A quarter of an hour later Constantine unbolted the front gate and sent two dozen Pechenegs, swords unsheathed, into the street. The screams rose to a hideous din; Constantine saw a flash of enamel-brilliant crimson before he turned away. He and Metanoites raced through the main hall and kitchens and slammed against the rear door. They surprised several women who were setting refuse afire in the alley. The smoke provided good cover, and after a short dash to the street they were able to merge unnoticed with the crowd.

It took half an hour to work through the mob and reach the Mese. The broad avenue was frantic with merchants and tradesmen and even some barebacked porters up from the docks; most were running towards the palace, and many carried bows and spears. A portly man in a plain woollen tunic puffed along with a rusty sword in his ruddy fist. Women were also about on the Mese; one dashed past, clutching a linen veil to her face. ‘Where is our Mother, our beauty, our noble Empress?’ she moaned.

The arcades of the shops along the lower Mese were shuttered. A crowd blocked the entire Milion Square near the end of the Mese. Spear shafts rising above the milling wool-and-linen-cloaked figures were now common. ‘Where is our Mother?’ every rage-rouged face seemed to be screaming. Metanoites stumbled over a middle-aged woman dressed in widow’s black who had slumped to her knees; she beat her breast with her withered fists. ‘Oh, Theotokos! Oh, Theotokos! Deliver our Mother!’ she wailed.
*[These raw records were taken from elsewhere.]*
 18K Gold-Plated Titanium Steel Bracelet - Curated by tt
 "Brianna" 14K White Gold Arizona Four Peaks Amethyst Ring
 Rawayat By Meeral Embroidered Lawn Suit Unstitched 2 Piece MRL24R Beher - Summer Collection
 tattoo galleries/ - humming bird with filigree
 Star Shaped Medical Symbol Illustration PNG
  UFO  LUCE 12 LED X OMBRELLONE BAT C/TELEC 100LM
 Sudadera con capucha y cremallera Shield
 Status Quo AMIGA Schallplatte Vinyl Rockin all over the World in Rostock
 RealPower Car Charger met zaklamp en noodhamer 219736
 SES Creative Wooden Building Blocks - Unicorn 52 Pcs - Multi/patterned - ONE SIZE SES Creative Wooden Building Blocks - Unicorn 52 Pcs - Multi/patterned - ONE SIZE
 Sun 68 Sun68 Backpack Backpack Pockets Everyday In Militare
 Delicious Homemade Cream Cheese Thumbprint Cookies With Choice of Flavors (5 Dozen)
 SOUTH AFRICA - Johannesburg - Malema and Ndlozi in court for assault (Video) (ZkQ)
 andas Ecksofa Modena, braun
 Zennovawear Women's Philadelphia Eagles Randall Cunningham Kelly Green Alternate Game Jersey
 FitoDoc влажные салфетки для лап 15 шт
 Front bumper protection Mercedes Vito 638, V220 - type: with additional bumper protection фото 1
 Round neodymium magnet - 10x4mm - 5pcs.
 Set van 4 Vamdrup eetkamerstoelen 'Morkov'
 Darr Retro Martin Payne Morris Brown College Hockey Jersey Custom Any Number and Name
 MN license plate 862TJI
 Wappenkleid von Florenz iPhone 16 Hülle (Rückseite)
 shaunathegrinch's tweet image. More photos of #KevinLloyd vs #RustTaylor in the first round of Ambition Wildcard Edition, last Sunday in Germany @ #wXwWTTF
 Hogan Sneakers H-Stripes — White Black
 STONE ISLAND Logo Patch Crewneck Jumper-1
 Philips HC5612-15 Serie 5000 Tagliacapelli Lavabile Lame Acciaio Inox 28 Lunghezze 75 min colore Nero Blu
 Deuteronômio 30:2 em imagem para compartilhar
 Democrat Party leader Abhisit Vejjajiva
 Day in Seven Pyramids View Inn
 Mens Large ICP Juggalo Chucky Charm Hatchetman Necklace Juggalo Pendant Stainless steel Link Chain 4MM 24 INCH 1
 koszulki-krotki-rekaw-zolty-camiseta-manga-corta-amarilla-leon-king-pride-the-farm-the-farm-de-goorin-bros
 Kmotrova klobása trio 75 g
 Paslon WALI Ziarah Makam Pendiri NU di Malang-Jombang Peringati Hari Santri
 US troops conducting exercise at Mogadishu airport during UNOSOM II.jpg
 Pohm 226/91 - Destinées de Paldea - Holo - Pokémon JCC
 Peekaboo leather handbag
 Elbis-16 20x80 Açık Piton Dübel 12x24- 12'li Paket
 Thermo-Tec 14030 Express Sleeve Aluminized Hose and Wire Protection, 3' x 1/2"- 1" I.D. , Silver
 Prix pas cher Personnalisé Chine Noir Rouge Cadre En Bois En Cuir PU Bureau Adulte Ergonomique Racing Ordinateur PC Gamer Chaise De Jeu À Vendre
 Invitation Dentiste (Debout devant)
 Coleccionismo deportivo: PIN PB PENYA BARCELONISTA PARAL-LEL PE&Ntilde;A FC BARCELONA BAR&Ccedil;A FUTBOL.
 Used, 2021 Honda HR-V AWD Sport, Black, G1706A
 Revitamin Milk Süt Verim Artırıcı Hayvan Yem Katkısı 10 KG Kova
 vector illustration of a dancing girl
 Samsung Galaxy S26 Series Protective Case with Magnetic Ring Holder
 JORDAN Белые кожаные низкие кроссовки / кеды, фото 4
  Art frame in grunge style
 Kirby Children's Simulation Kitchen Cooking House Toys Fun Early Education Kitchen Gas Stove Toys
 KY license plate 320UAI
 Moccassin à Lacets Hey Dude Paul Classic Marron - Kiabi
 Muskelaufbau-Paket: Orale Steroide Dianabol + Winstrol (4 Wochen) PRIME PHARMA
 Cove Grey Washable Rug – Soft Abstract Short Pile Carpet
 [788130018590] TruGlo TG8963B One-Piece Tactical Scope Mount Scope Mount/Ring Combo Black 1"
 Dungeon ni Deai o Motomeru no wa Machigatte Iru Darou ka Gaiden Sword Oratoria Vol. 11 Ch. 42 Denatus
‘The Mother of Rome!’ boomed a male voice. The Bulgar-Slayer’s niece, and him from nowhere!’

Metanoites led Constantine through the mob, shoving bodies aside with fierce determination. Constantine could only thank the Pantocrator that his rough servant’s tunic had spared him the deadly recognition of the mob. At the entrance to the Augustaion, Constantine looked to his left. The enormous bronze equestrian figure of Justinian charged above a lake of wailing faces that filled the entire square and spilled over to the porches of the Hagia Sophia. ‘Heavenly Father!’ he shouted to Metanoites. ‘The entire city has come out!’